• [Your objective]
You are asked to copy the entire listing exactly, apart from its pictures.
+++ Given data
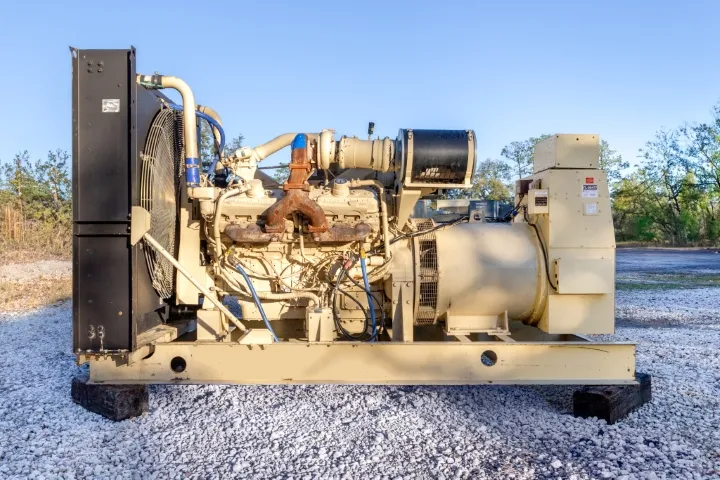 3 500kw kohler industrial generator unit 090477 engine
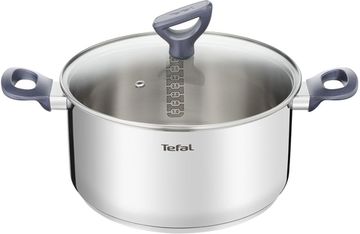 Каструля з кришкою Tefal Daily Cook 24 см 5 л (G7124645)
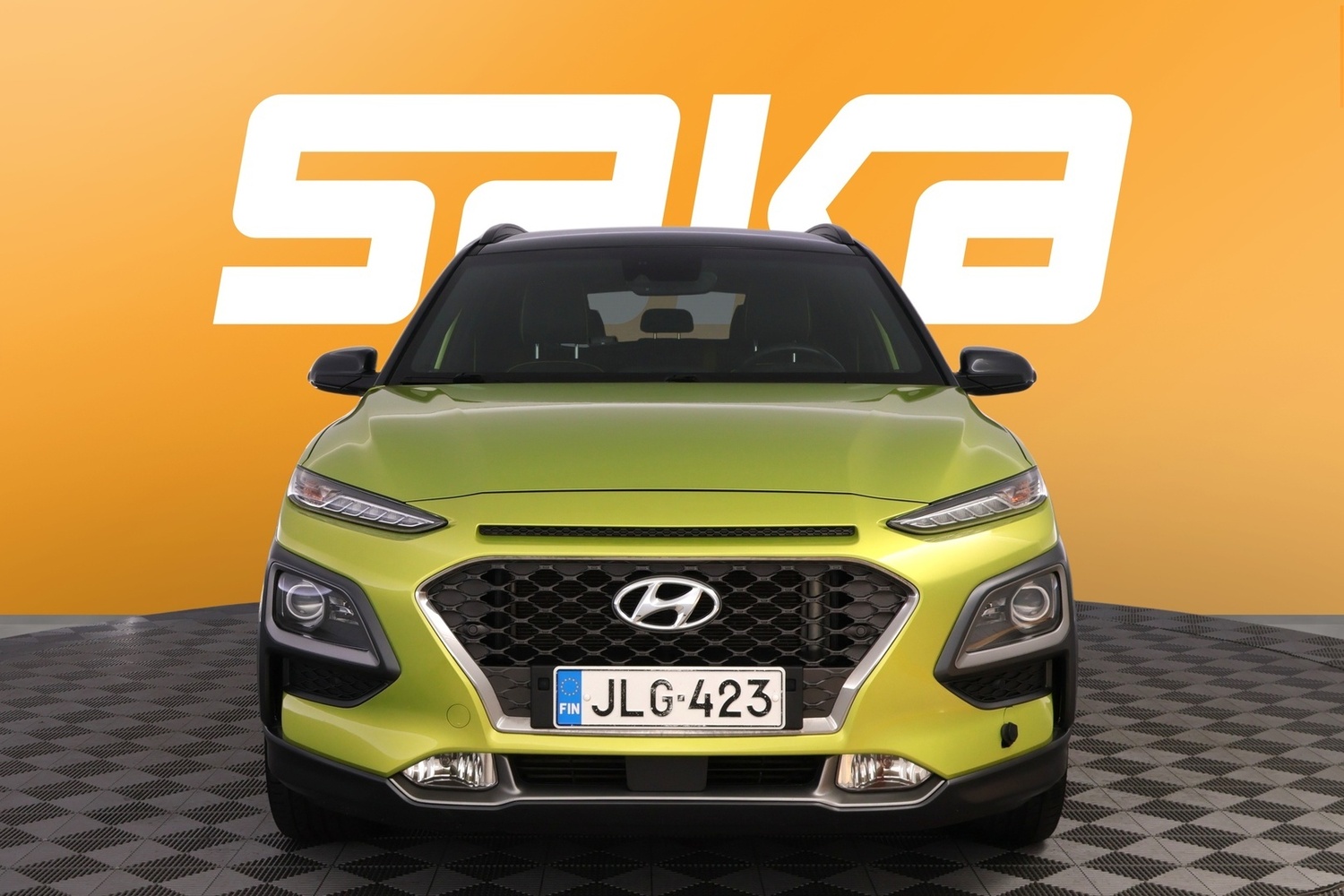 Hyundai Kona vaihtoauto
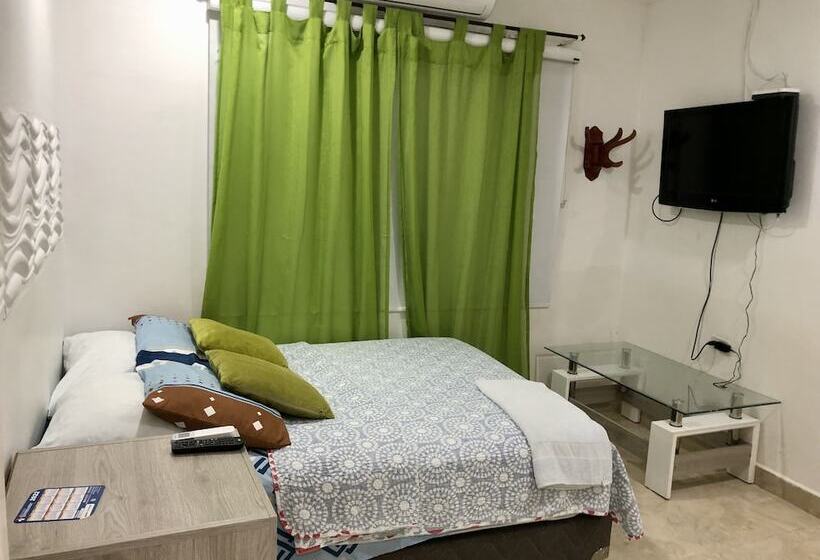 בית מלון כפרי Casa Vera Cartagena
++++++
• [Finished exercise]
 3 500kw kohler industrial generator unit 090477 engine
 Каструля з кришкою Tefal Daily Cook 24 см 5 л (G7124645)
 Hyundai Kona vaihtoauto
 בית מלון כפרי Casa Vera Cartagena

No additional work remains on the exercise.